Speaking to Reetkamal Kaur from Y4S, she talks about the state of the youth in her homeland, Punjab as the Y4S chants slogans of azadi in the background.
“I am from Jalandhar, I am an MPhil scholar and I don’t have a job. It’s sad but I am here to fight for the younger generation, so that they don’t have to struggle the way I do. We are here to fight together. We want our voices to be heard.”

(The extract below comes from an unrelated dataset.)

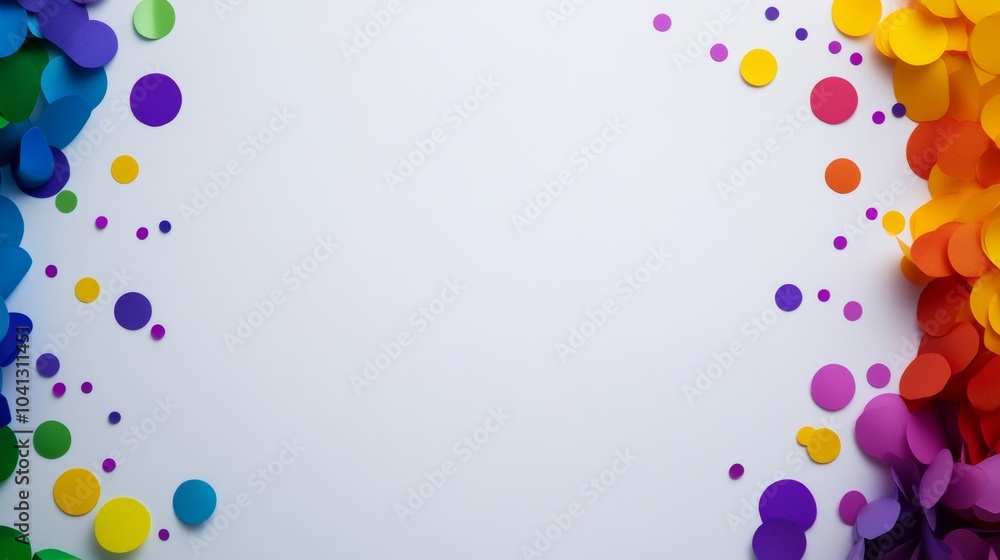 Poster colorful background with a rainbow of colors and a white background. the background is filled with s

“This march was inspired by the Kisan Mukti march which took place in Nasik and Mumbai and then spread to other parts of the country…It was pretty easy for the BJP to win the Madhya Pradesh elections, they needed to incite another communal agenda..(sic) it was pretty easy to propagate that kind of communal agenda..(sic) but when farmers march, no political party has the right or the audacity to ignore it and that is the inspiration behind this march as well ki (sic) we know that the 2019 elections is around the corner and we know that every single political party will march towards Ayodhya. At that time, we as students feel is our responsibility to bring them back, hold them by their collars and ask, ‘where is (sic) the 2 crore jobs that you promised?’ ‘what kind of alternative (sic) are you offering to the youth by telling them to sell pakoras on the street?’ We are here to stand against bhagwakaran (saffronisation), we are here to stand with the teachers who are abused daily by the system. We are here to stand with the yuva (youth), kisan ( farmers) and the masses of the country whose issues aren’t treated like real issues.”
Hope finds its way into Abhigyan’s resistance, “We certainly hope that the government does something. This march was supported all over the country by prominent figures like Arundhati Roy and Kunal Kamra. One march alone cannot change the shape of our politics, it’s not about one day and a few thousand people marching…it is about continuously challenging the fascist agenda that currently surrounds the country and threatens the very civilization of the country. (sic)”

The common resistance to the Modi government was echoed with protests by the Dilli Nirman Mazdoor Sangathan and All India SSB Volunteer Association. Their songs of resistance echo the same demand, to be heard, to be recognised, to get justice, to find azadi.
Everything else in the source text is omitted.